#### Short text fragments from websites
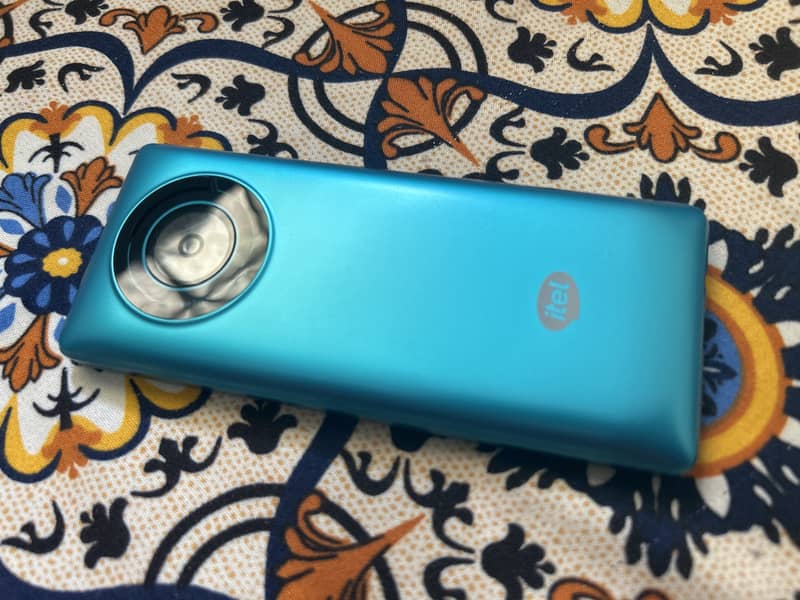 Itel x30+ 1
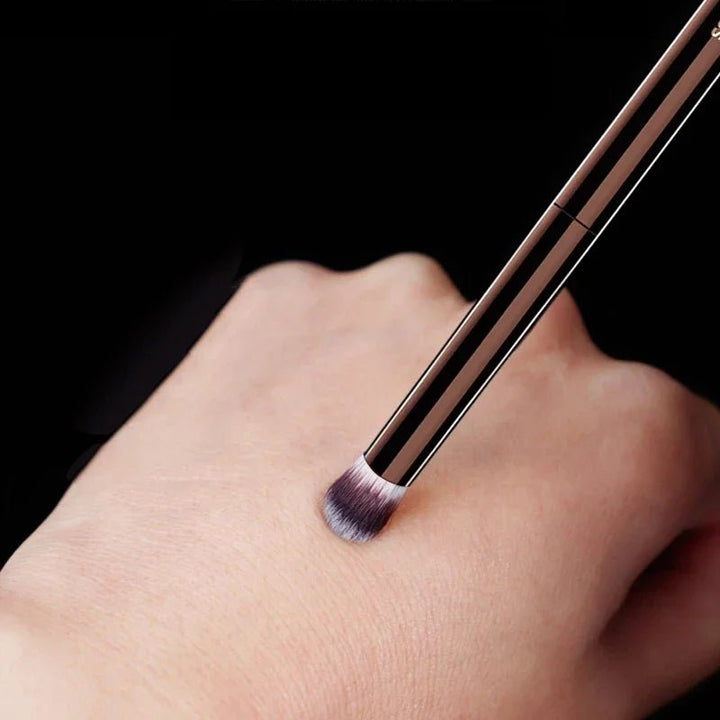Hourglass Makeup Brush - No.9 Soft Fiber Hair Blending Eyeshadow Brush - Body Bliss Essentials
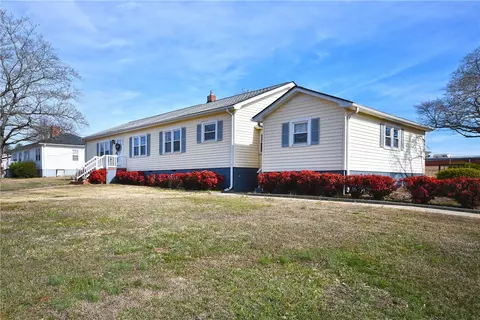 117 Cedar Cir, Easley, SC 29642 photo 3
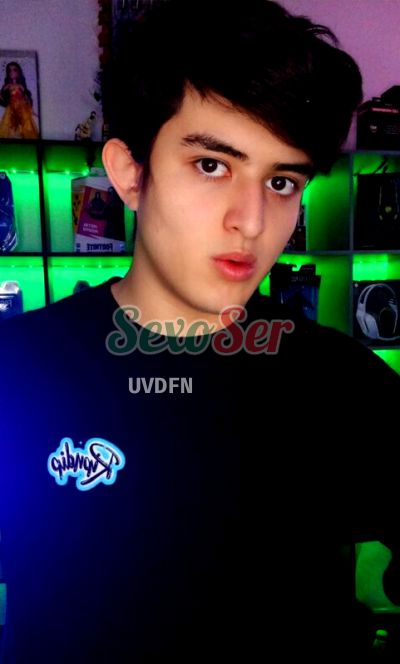 Erick, hombre que hace videollamadas y sexting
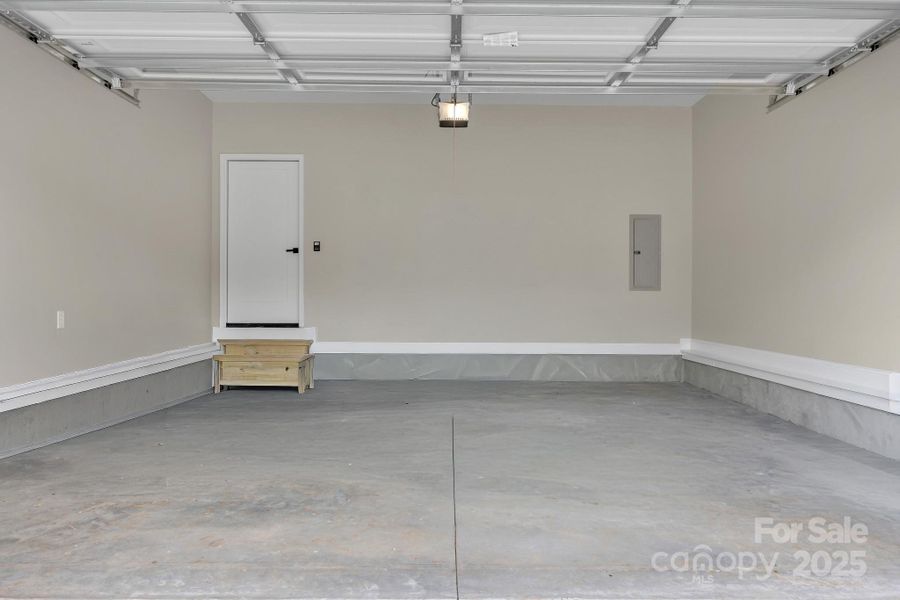 Image 33 of a home in .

#### EXERCISE
All of the records need to be restated word for word, but not the pictures.

#### RESULT OF THE EXERCISE
 Itel x30+ 1
Hourglass Makeup Brush - No.9 Soft Fiber Hair Blending Eyeshadow Brush - Body Bliss Essentials
 117 Cedar Cir, Easley, SC 29642 photo 3
 Erick, hombre que hace videollamadas y sexting
 Image 33 of a home in .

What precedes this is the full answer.